## Task prompt:
Please restate every record below word for word and skip the pictures.

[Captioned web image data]
***

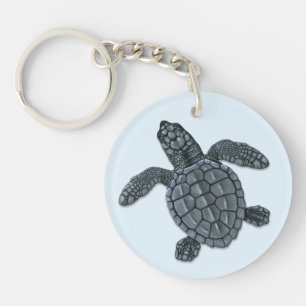 Kemp's Ridley Zee Turtle Hatchling Sleutelhanger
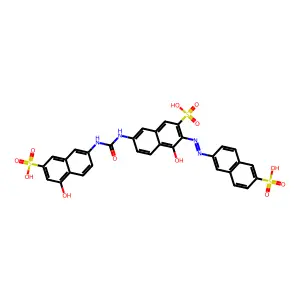Compound C31H22N4O12S3 structure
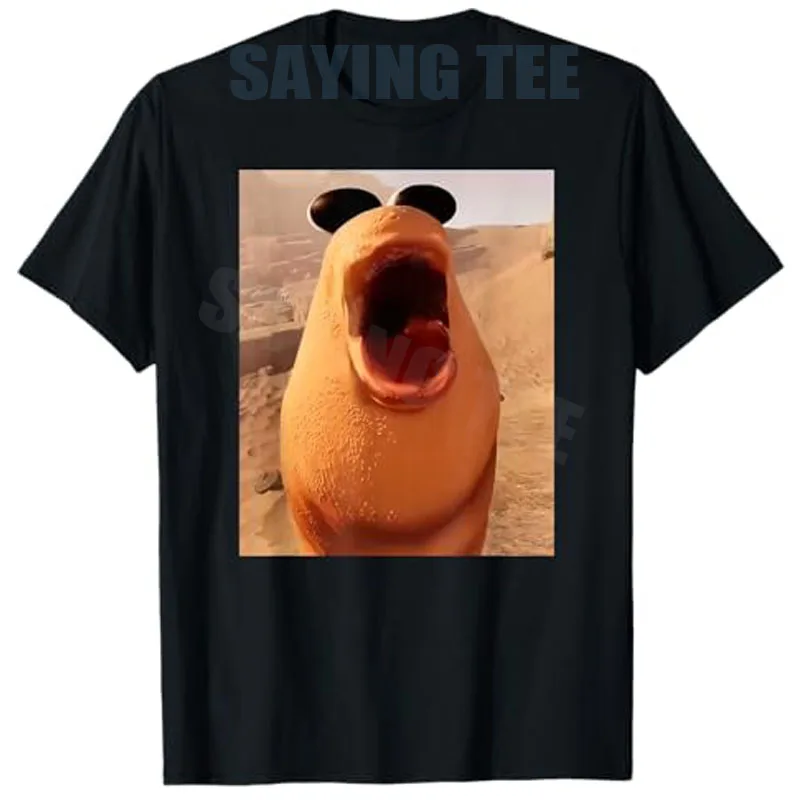 

Marcus The Worm Funny Meme T-Shirt Wiggly Meme Vibes Y2k Art Graphic Outfit Short Sleeve Saying Tee Cotton Aesthetic Clothes Top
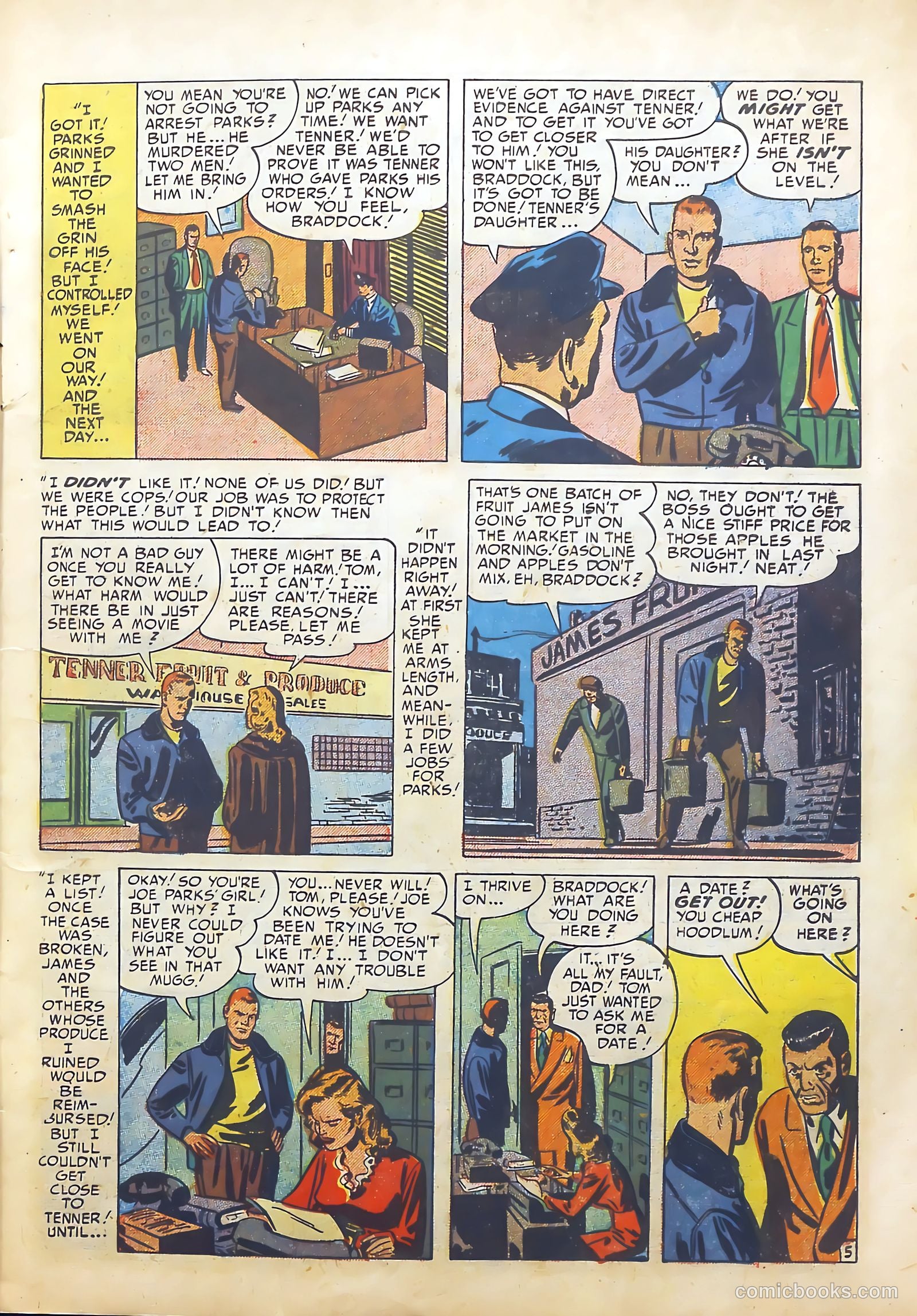 Justice Traps the Guilty #39 — page 7 of 44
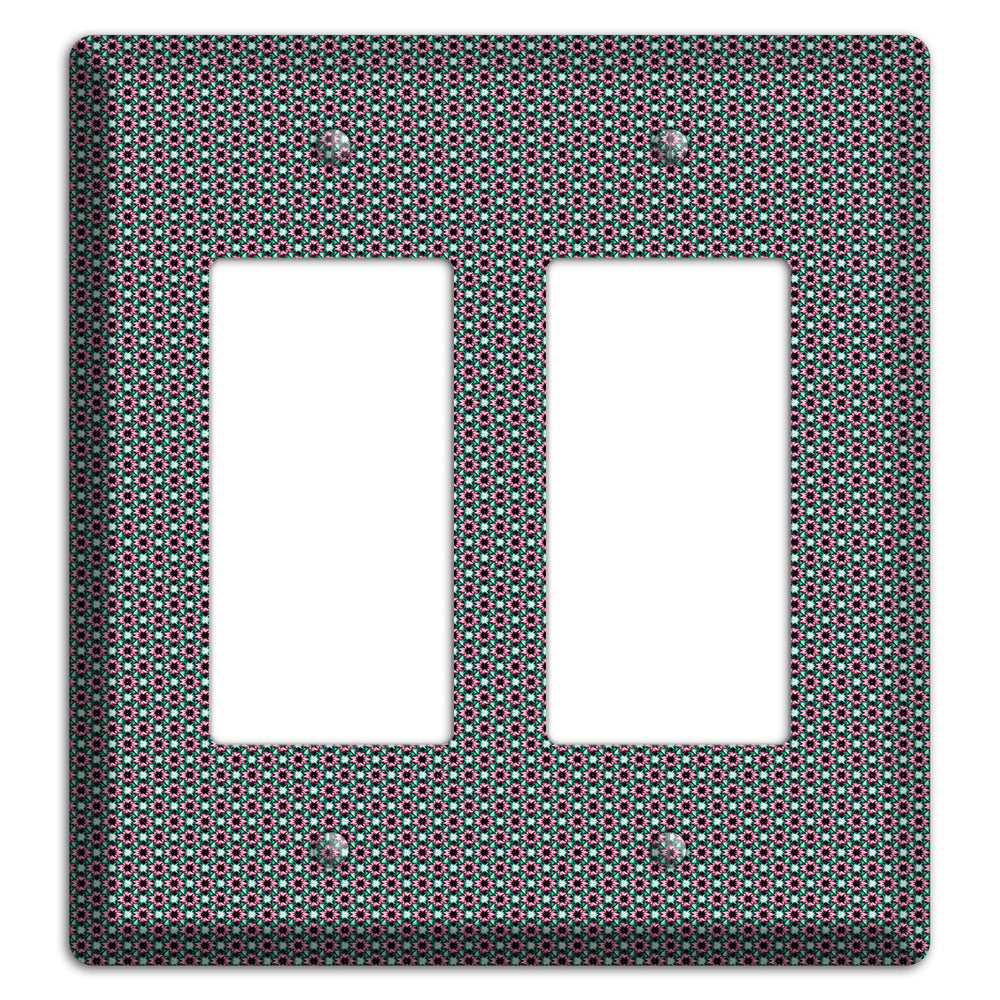 Green Red Grey Geometric 2 Rocker Wallplate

***

## Exercise solution:
 Kemp's Ridley Zee Turtle Hatchling Sleutelhanger
Compound C31H22N4O12S3 structure

Marcus The Worm Funny Meme T-Shirt Wiggly Meme Vibes Y2k Art Graphic Outfit Short Sleeve Saying Tee Cotton Aesthetic Clothes Top
 Justice Traps the Guilty #39 — page 7 of 44
 Green Red Grey Geometric 2 Rocker Wallplate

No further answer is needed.